演奏中、ピアノの椅子を蹴ったり、立ったままピアノを弾いたり、叩くように劇的なアクセントをつけて弾いたり、鍵盤の上に座ったり、楽器の上に立ったりした。ラジオ・ドキュメンタリー『Pop Chronicles 』でルイスは、椅子を蹴ったのは最初は偶然だったが、反応が良かったため続けたと語った[9]。1957年7月28日、『The Steve Allen Show 』でテレビ初登場し、『Whole Lotta Shakin' Goin' On 』を演奏中に上記のアクションを行なった[13][14]。ライヴの最後にピアノに火をつけたと世間には認知されているが、これについてルイスは『エスクァイア』オンライン版で「俺はピアノに火をつけた事はないよ。ずっと否定したかったんだけどさ」と語った。

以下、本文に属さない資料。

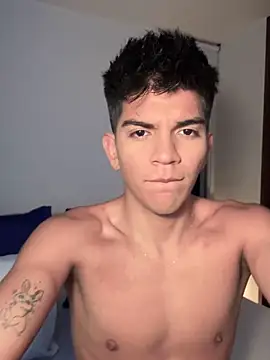 Snapshot of santiago_01 chatting on January 28, 12:47 am santiago 01 online show from January 28, 12:47 am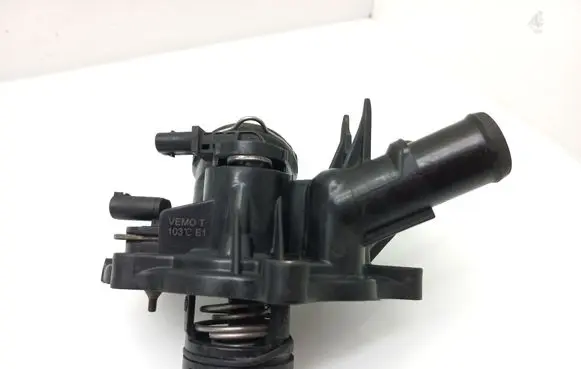 Thermostat/thermostat housing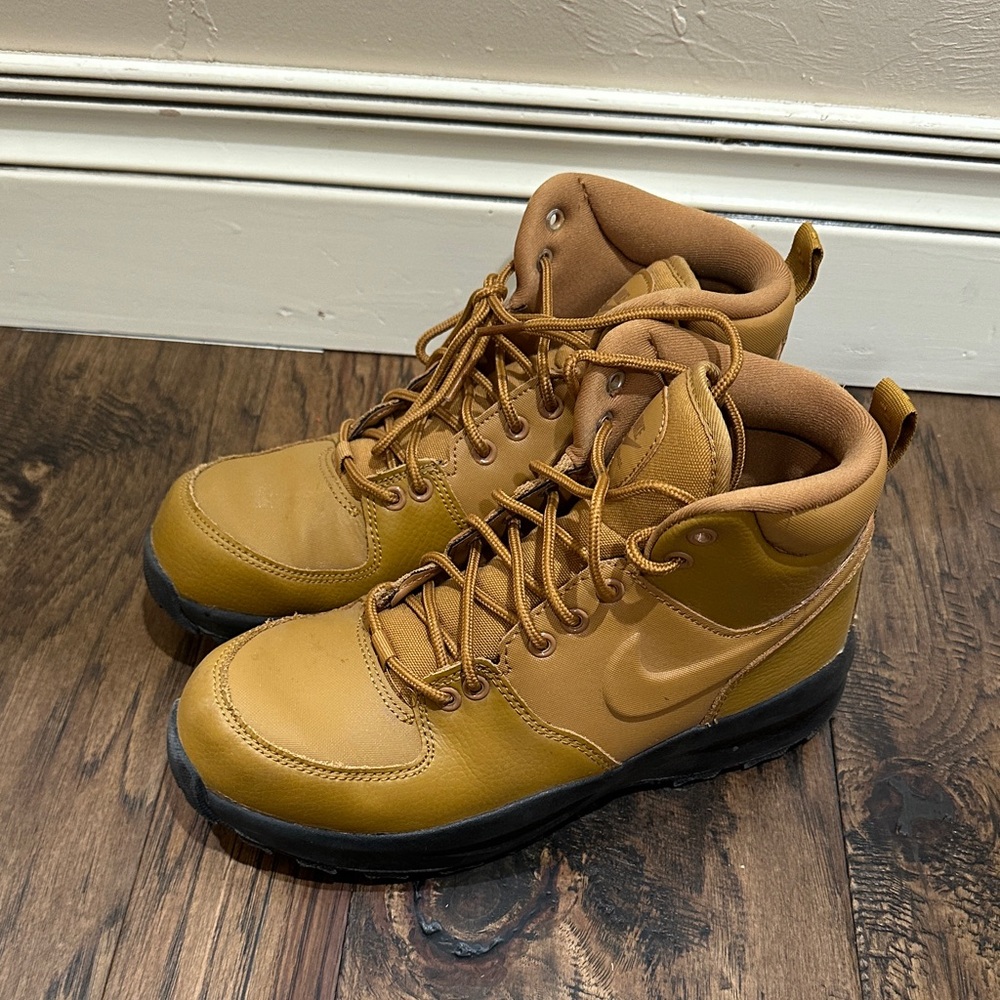 Nike boys Brown Leather Boots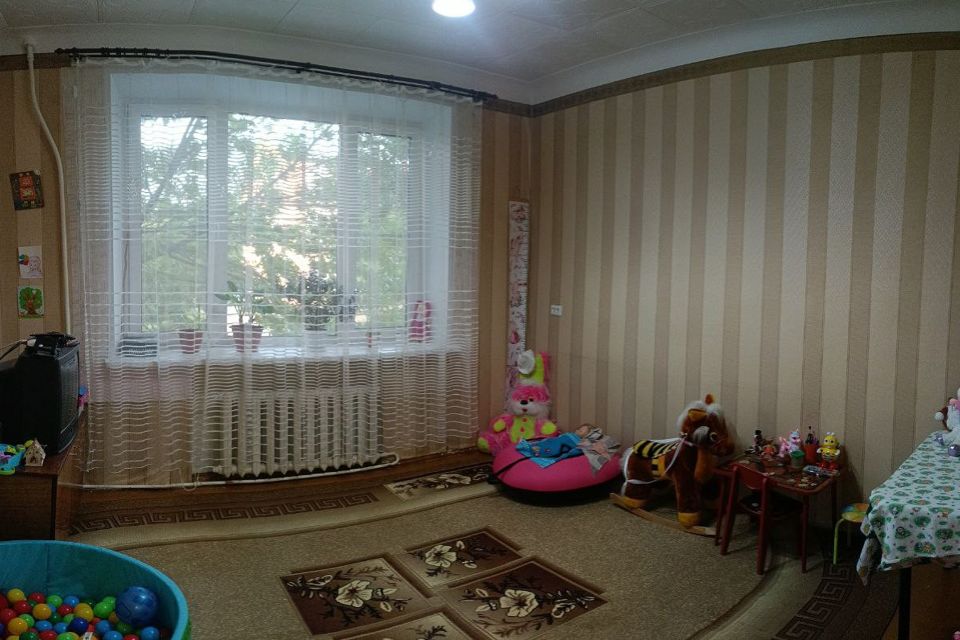 Продаётся 3-комнатная квартира, 60.6 м²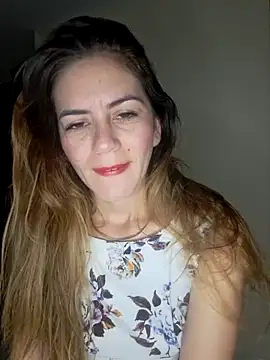 Snapshot of Hanny_24 chatting on March 5, 2025, 7:16 am Hanny 24 online show from March 5, 2025, 7:16 am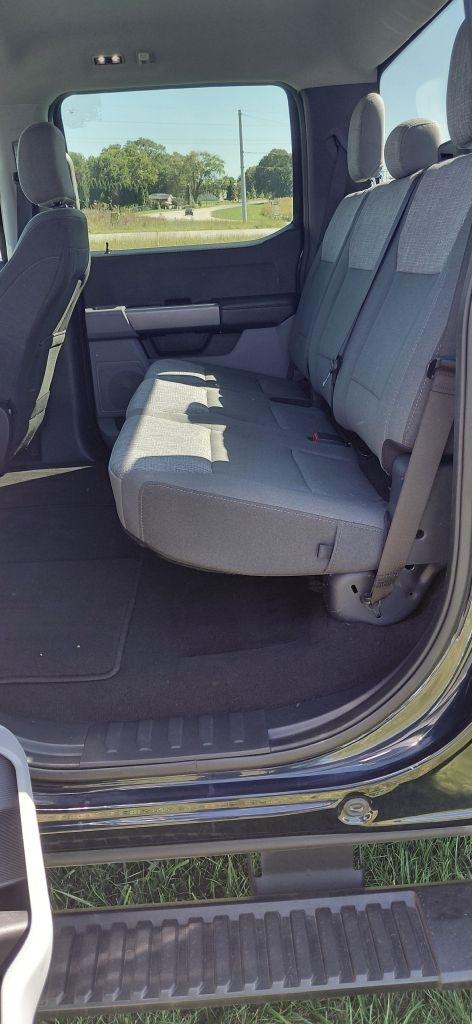 Ford F-350 SD XL Crew Cab Long Bed DRW 4WD 2025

ルイスがアメリカに戻ってもスキャンダルは打ち消せず、ラジオ局のブラックリストに載った。ルイスはこれまで自分をサポートしてくれた多くの人々に裏切られたように感じていた。ディック・クラークは番組から彼を降板させた。サン・レコード社長がジャック・クレメントとの偽のインタビュー『The Return of Jerry Lee 』を発表し、婚姻問題、批判を軽視した「答え」としてルイスの曲の一部を引用したためルイスはサム・フィリップスにも裏切られたと感じていた。唯一ディスクジョッキーのアラン・フリードだけがルイスの味方のままであり、賄賂容疑で降板するまで彼のレコードをかけ続けた。
かつてB.B.キング、ハウリン・ウルフ、プレスリー、ロイ・オービソン、パーキンス、ルイス、キャッシュなどがレコーディングしたユニオン通りのスタジオが古くなったため、フィリップスはメンフィスのマディソン通り639番地に新しい最高水準のスタジオを建て、ナッシュビルにもスタジオをオープンした。1961年、ルイスはナッシュビルのスタジオでレイ・チャールズの『What'd I Say 』をレコーディングし、大ヒットした。ヨーロッパでは1962年9月に『Sweet Little Sixteen 』、1963年3月に『Good Golly Miss Molly 』が立て続けにヒットした。コンパクト盤の『Hang Up My Rock and Roll Shoes 』、『I've Been Twistin' 』、『Money 』、『Hello Josephine 』などが特に初期のディスコで流れるようになった。グレン・ミラー・オーケストラの名曲『イン・ザ・ムード』をインストゥルメンタルのブギ調にアレンジした曲を「ザ・ホーク」という偽名でフィリップス・インターナショナルから発表したが、ディスクジョッキーはその独特のピアノ演奏によりすぐにそれがルイスだと見破り、この策略は失敗した。
1960年代中盤には、イギリスやドイツでルイスは注目されるようになった。1964年、ザ・ナッシュヴィル・ティーンズと共に収録したライヴ・アルバム『Live at the Star Club, Hamburg 』が史上最も優れたロックンロールのライヴ・アルバムの1つと考えられるようになった[19][20][21][22][23]。音楽評論家のスティーブン・トーマス・アールワインは「これまでのレコードの中でも『Live at the Star Club 』は桁外れで斬新でハードなロックンロールだ」と記した[23]。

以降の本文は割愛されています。